初始化项目，由ModelHub XC社区提供模型

Model: AI-ModelScope/DeepSeek-Coder-V2-Lite-Instruct Source: Original Platform
2026-05-22 17:26:13 +08:00
commit b4b414c780
15 changed files with 207838 additions and 0 deletions
--- a/tokenization_deepseek_fast.py
+++ b/tokenization_deepseek_fast.py
@@ -0,0 +1,38 @@
+from typing import List, Optional, Union
+
+
+from transformers.models.llama import LlamaTokenizerFast
+
+
+class DeepseekTokenizerFast(LlamaTokenizerFast):
+
+    def convert_ids_to_tokens(
+        self, ids: Union[int, List[int]], skip_special_tokens: bool = False
+    ) -> Union[str, List[str]]:
+        """
+        Converts a single index or a sequence of indices in a token or a sequence of tokens, using the vocabulary and
+        added tokens.
+
+        Args:
+            ids (`int` or `List[int]`):
+                The token id (or token ids) to convert to tokens.
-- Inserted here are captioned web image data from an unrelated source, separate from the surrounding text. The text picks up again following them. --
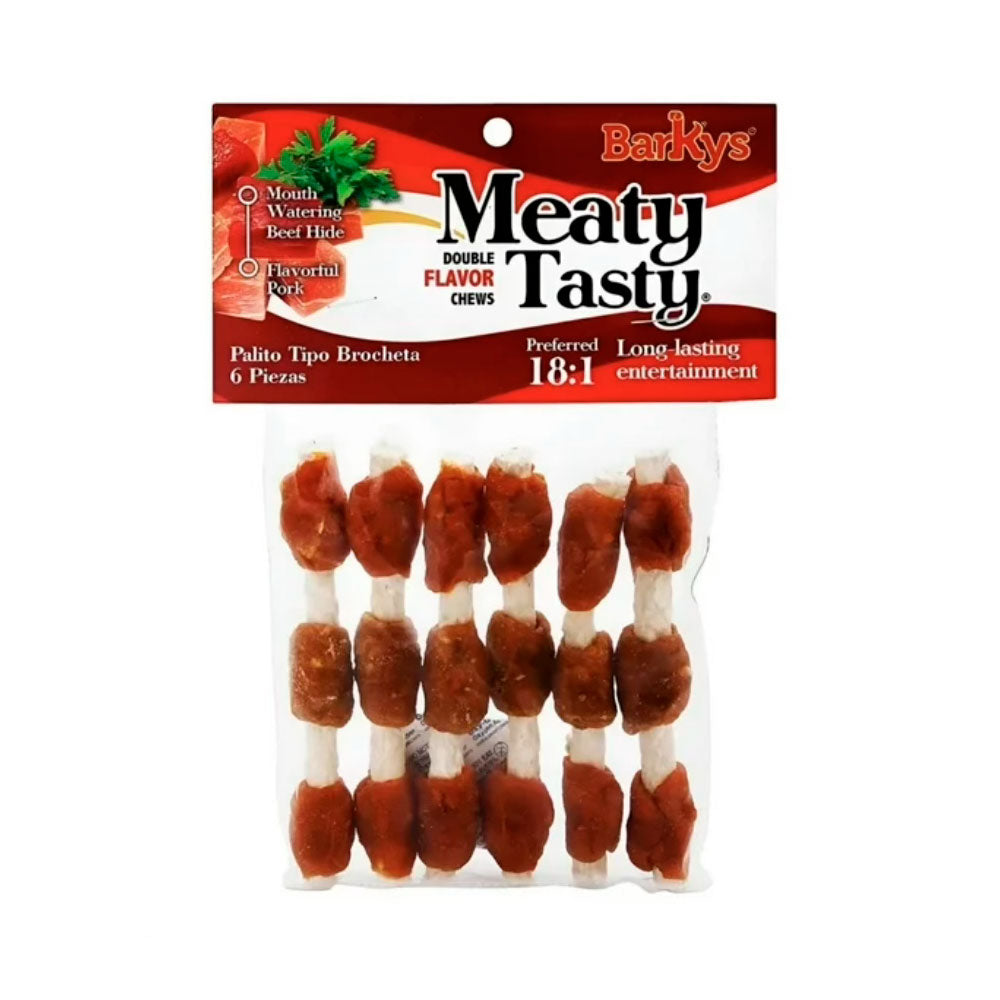 BARKYS - Premios Para Perro Meaty Tasty Brochetas de Res 6 Pzs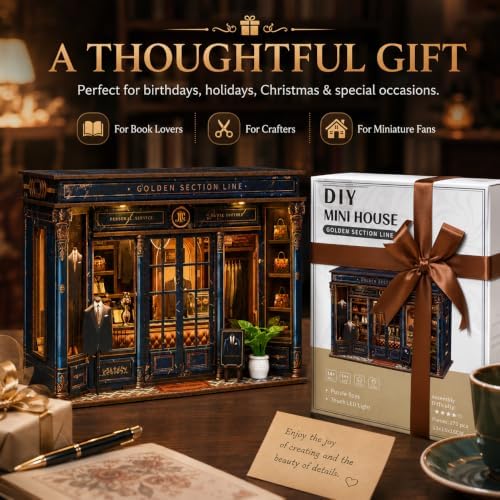 Vintage Tailor Shop Book Nook Kit for Adults, Wooden Puzzle with LED Light - Image 4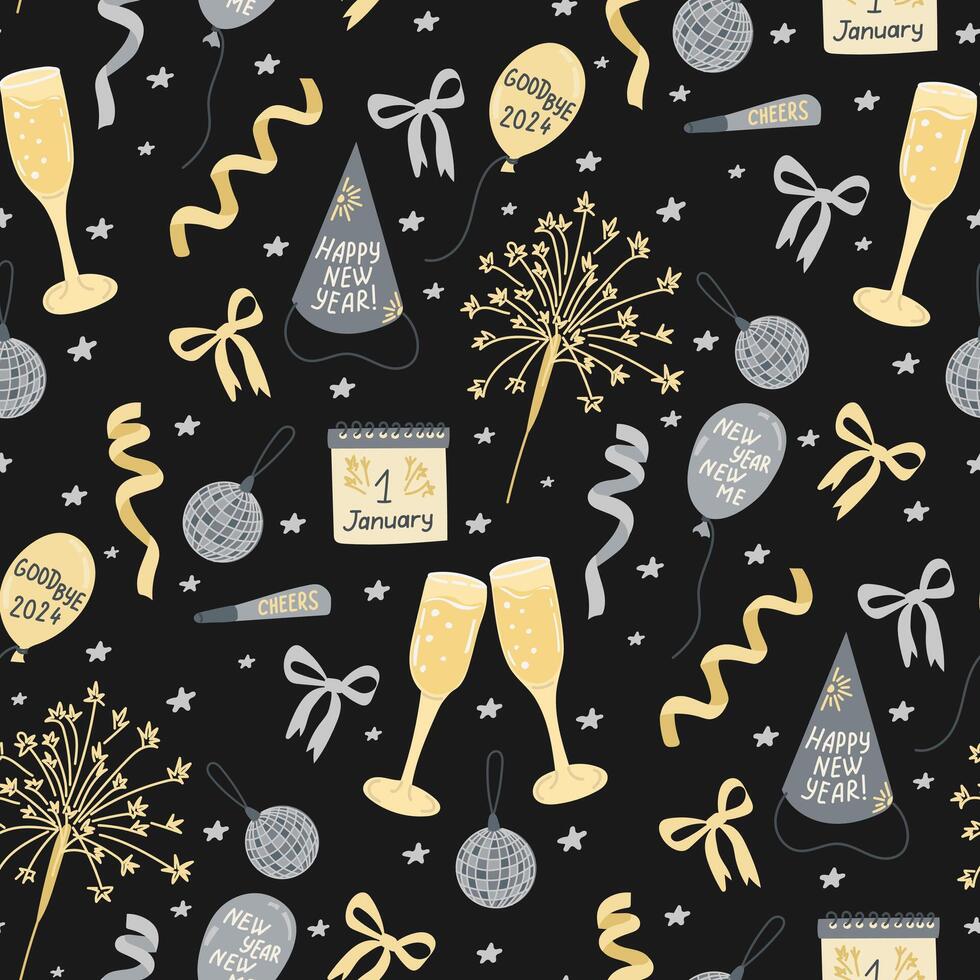 Celebratory New Years Eve seamless pattern with champagne glasses, balloons, sparkles, and festive decorations on dark background, perfect for New Year celebrations. vector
+            skip_special_tokens (`bool`, *optional*, defaults to `False`):
+                Whether or not to remove special tokens in the decoding.
+
+        Returns:
+            `str` or `List[str]`: The decoded token(s).
+        """
+        if isinstance(ids, int):
+            return self._convert_id_to_token(ids)
+        tokens = []
+        for index in ids:
+            index = int(index)
+            if skip_special_tokens and index in self.all_special_ids:
+                continue
+            token = self._tokenizer.id_to_token(index)
+            tokens.append(token if token is not None else "")
+        return tokens
+    
+    def _convert_id_to_token(self, index: int) -> Optional[str]:
+        token = self._tokenizer.id_to_token(int(index))
+        return token if token is not None else ""